William John Molineaux was born in the Kennington/Vauxhall area of London on September 7, 1880. The bricklayer’s son worked as a labourer after leaving school. Then, two weeks shy of his 19th birthday, he followed the example of brother Stephen and joined The Suffolk Regiment.

The young private spent about a year fighting in the Boer War, between 1901 and 1902.

He earned the Queen’s South Africa Medal, with four clasps to denote key campaigns in which he was involved.

Military life seems to have suited him. William was promoted to lance corporal in 1903 and by the spring of 1911 was a sergeant. He was a good shot, too – his skills rated as 1st class every year except one.

In 1907 he married Alice Young, the daughter of a brush manufacturer, in Woolwich.

They’d have four children, starting with William George, who was born in 1908 when they lived at Gibraltar Barracks in Bury St Edmunds.

Soldier William was in Ireland when the First World War began on August 4, 1914 – troops there because of the threat of civil war ? and on the 13th left Ireland. He and his comrades were bound for France as part of the British Expeditionary Force, arriving at Le Havre two days later.

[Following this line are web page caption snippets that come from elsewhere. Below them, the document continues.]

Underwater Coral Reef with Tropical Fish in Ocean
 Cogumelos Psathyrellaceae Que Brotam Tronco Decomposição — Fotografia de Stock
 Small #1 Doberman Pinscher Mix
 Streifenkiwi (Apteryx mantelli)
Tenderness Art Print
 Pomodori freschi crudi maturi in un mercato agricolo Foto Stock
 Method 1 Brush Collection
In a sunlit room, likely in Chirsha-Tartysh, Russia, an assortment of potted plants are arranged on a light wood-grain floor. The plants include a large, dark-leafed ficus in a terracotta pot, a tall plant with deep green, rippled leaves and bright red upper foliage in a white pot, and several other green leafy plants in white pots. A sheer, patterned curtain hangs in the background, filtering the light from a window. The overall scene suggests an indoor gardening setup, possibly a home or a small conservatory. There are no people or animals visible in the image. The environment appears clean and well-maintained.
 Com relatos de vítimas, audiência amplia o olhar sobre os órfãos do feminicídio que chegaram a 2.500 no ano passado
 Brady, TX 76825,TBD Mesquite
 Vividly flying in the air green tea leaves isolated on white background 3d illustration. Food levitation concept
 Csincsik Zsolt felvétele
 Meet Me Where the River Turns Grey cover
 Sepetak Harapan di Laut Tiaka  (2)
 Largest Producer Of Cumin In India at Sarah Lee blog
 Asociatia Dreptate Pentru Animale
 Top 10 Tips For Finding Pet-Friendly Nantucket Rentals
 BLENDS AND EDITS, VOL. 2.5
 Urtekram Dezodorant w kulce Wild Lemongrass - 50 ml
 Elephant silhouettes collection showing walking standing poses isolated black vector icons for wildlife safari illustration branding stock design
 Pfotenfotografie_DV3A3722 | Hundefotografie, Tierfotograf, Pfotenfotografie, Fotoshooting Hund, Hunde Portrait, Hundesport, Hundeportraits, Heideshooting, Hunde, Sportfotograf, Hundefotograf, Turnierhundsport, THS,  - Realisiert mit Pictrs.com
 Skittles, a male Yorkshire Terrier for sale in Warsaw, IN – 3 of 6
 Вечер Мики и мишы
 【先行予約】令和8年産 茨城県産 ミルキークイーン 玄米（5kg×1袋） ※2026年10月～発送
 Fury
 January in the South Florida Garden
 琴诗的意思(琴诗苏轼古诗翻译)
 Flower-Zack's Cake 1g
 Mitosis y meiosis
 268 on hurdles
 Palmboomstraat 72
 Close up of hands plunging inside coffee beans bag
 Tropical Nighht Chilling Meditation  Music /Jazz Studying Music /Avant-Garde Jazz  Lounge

The next few days were full of long marches, including 17 miles on the very hot 21st of August, and slow train journeys. The following day they marched across the Belgian border to the town of Hainin. It was near Mons, where the first British shots of the war were fired.

A few months ago, William’s grandson Alan Molineaux wrote for his own grandchildren a summary of what happened. He explained: “On the 23rd August the British commanders realised that the Germans greatly outnumbered the British, had enormous quantities of big guns, and were far too strong for them, so they retreated south.

“This became known as The Retreat From Mons, and they marched back the way they had just come, and on the 24th August they were back in France.”

William and his colleagues marched in heavy rain back to Le Cateau, where they had got off the train a week earlier. The next day they continued a little bit further, to the other side of town, “by which time they were exhausted after so much marching and little or no sleep. They reached a cornfield which had just been harvested so all the corn was in small stacks (called stooks) ready for the farmer to collect.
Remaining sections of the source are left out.